▶ [WHAT IS EXPECTED]
Every line from the one bearing "A swimming pool" through the last line of the entries should be printed exactly, with no other output.

▶ [MATERIAL SUPPLIED]
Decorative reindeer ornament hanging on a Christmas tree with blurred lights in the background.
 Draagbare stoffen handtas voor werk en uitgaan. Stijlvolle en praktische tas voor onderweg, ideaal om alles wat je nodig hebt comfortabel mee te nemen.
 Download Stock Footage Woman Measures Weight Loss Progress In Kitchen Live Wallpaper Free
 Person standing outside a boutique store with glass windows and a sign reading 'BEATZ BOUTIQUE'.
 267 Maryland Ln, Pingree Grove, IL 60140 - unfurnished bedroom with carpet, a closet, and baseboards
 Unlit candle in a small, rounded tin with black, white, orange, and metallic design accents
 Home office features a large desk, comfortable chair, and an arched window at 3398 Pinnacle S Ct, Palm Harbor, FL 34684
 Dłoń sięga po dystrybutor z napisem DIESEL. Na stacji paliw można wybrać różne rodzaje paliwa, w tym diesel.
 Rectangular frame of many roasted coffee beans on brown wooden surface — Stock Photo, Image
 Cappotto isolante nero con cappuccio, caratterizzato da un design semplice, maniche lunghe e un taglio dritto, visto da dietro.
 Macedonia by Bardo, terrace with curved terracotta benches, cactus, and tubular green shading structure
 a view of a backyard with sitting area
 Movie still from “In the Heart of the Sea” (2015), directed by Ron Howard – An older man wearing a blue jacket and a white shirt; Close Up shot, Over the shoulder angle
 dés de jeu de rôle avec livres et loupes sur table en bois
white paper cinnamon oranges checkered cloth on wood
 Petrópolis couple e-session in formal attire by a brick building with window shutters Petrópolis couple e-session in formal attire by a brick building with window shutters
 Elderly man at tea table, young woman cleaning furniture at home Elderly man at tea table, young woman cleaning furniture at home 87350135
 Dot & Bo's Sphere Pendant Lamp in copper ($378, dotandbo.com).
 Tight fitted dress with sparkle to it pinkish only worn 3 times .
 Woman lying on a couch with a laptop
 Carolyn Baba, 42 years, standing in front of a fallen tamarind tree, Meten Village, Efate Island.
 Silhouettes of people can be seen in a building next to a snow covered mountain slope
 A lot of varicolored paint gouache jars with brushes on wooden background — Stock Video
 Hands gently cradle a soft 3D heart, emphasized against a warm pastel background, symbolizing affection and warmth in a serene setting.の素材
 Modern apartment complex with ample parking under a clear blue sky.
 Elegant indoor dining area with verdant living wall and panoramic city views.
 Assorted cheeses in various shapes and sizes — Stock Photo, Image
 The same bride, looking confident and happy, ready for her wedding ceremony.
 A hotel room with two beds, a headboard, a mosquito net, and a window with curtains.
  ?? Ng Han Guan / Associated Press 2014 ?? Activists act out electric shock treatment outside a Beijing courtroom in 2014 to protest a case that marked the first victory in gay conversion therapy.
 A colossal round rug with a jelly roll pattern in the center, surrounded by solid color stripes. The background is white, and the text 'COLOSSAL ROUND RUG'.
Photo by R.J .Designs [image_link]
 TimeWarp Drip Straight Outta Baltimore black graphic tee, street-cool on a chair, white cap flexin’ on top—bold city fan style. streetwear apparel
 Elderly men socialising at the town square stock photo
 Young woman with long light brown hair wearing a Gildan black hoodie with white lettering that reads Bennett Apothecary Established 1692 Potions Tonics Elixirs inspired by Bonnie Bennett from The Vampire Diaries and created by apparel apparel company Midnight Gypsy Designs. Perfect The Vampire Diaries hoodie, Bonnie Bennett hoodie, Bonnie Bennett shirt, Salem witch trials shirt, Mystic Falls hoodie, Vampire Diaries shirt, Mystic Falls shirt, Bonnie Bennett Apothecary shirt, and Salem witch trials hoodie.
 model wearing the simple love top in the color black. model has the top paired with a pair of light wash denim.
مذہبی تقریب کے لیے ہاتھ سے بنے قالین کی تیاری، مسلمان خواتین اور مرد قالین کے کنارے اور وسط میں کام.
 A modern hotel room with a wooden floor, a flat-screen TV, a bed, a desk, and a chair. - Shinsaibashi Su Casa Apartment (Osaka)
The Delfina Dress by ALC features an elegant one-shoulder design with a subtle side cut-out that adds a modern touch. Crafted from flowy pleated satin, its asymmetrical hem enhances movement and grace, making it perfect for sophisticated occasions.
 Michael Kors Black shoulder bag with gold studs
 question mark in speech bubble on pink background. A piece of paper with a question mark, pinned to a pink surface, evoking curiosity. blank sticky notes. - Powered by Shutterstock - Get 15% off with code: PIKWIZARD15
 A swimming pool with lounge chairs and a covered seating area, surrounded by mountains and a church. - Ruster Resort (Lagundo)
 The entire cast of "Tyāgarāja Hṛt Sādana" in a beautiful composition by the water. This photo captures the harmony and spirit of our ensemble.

▶ [WRITTEN RESPONSE]
 A swimming pool with lounge chairs and a covered seating area, surrounded by mountains and a church. - Ruster Resort (Lagundo)
 The entire cast of "Tyāgarāja Hṛt Sādana" in a beautiful composition by the water. This photo captures the harmony and spirit of our ensemble.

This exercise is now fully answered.